The China-Pakistan Economic Corridor (CPEC) has drawn strong interests of not only the two partners, but also the attention of entire West-, Central- and South Asian nations plus Russia, if not the Middle-East.  In India, Times of India trumpeted a breaking news towards last year end, saying – “Russia backs China – Pak corridor and keeps India on tenterhooks”. Substantial head-shakes followed in diplomatic and political circles with India fuming in disenchantment with consequences for decision-making reverberating into future. CPEC presents India a tough problem, but it was in the making when at least over a decade ago China began work on China-Pak Karakorum high-way. Neither easy solutions, nor clear-cut perceptions are at hand even today. But it need not remain that way. A way out is feasible.

China’s long-term intentions with CPEC go beyond Pakistan’s boundaries. It wants to capture the markets of oil-rich Arab nations and that of entire Africa…

The CPEC is a serious reality from India’s political, strategic and economic interests. Indian public reaction made it out as though India got a painful hit below the belt. One of India’s top strategic analysts, Brahma Chellaney, sought for augmented India-U.S.-Japan relations as a consequence.  The matter, however, is more  complex with political implications sadly misread/over-read.

A principal truth is, India’s hands are as much tied as are Russia’s, due to varying dependencies affecting both with respective uniqueness. Chellaney, has always been a patron of stronger India – U.S. – Japan ties. However, on this issue, a “liberal” perception is needed, due to its complexity. For e.g., one cannot be sure whether CPEC is wholly against India’s “core interest”, as Chellaney might want us to believe, especially when seen from long-term economic interests of all South and Central Asian States and China, particularly from Eurasian and Shanghai Cooperation Organisation (SCO) angles. There are other cold factors defining this problem one needs to be considered :

•  China’s long-term intentions with CPEC go beyond Pakistan’s boundaries. It wants to capture the markets of oil-rich Arab nations and that of entire Africa to flood that continent with cheap Chinese goods in exchange for ensuring raw materials from entire Africa and Middle East at low price for China’s industries. As a consequence China  will not stop with CPEC, but will go further building an African rail-road network for the entire continent and would squeeze India out of Africa . That would help China catapult to the powerful number one status in world economy dislodging the US, curtailing American power.

Russia will do everything not to hurt or go against China’s major economic interests, because indirectly Russia stands to gain commercially from CPEC, even if it hurts old friend India a bit.
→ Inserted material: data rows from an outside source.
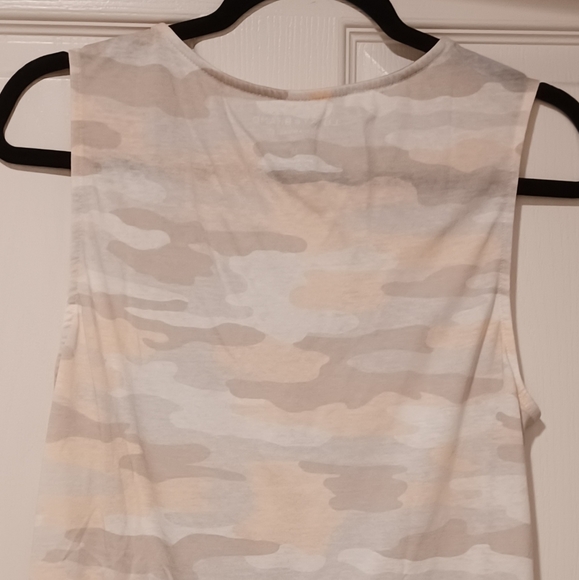 LUCKY BRAND BEIGE PLUSH PINK CAMOUFLAGE TIE FRONT - Picture 7 of 12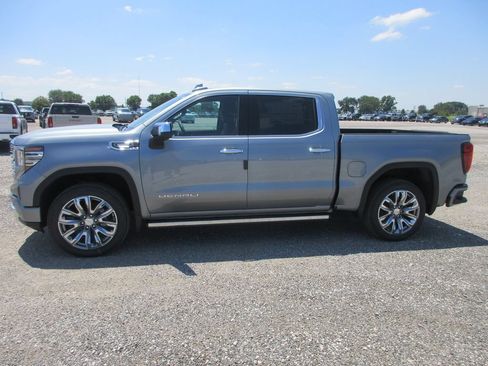 New 2026 GMC Sierra 1500 Denali w/ Denali Reserve Package AWD/4WD image 9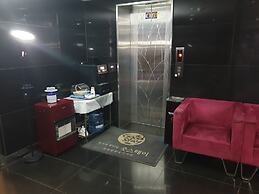 Q Hotel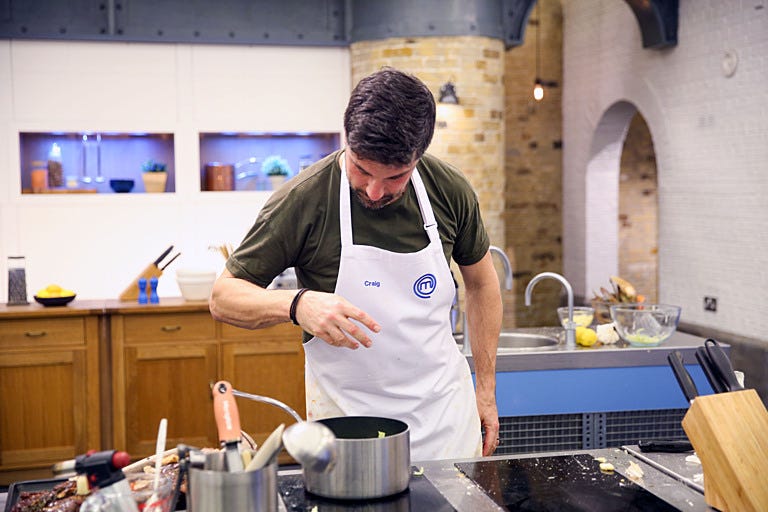 Craig Doyle dans Celebrity Masterchef, saison 19 épisode 15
•  Russia, labouring under Western sanctions, is keen to extract any economic advantage it can from the China-Pak project, especially when China has placed a massive $400 Billion energy order for Russia’s oil and gas export.  As “quid-pro-quo”, Russia has reciprocated with state-of-the-art military hardware (S-400 Anti-Missile Defence) for China against potential U.S. threat in South China Sea and the Pacific coastal border rim. China is Russia’s biggest external financier. Thus, Russia will do everything not to hurt or go against China’s major economic interests, because indirectly Russia stands to gain commercially from CPEC, even if it hurts old friend India a bit. It is pure economics that drives Moscow, plus Russia’s belief that improving Pakistan’s economy now in shambles will help reduce terror growth within Pakistan. It knows too that India is dependent on Russia for military hardware and will not want to risk that relationship, as no one has transferred military and strategic high-tech to India as Russia has. In fact PM Modi recently exemplified it when he declared India-Russia relations as an “abiding” one (see RIR report …..) It’s also time India had no illusions about Russian game-play.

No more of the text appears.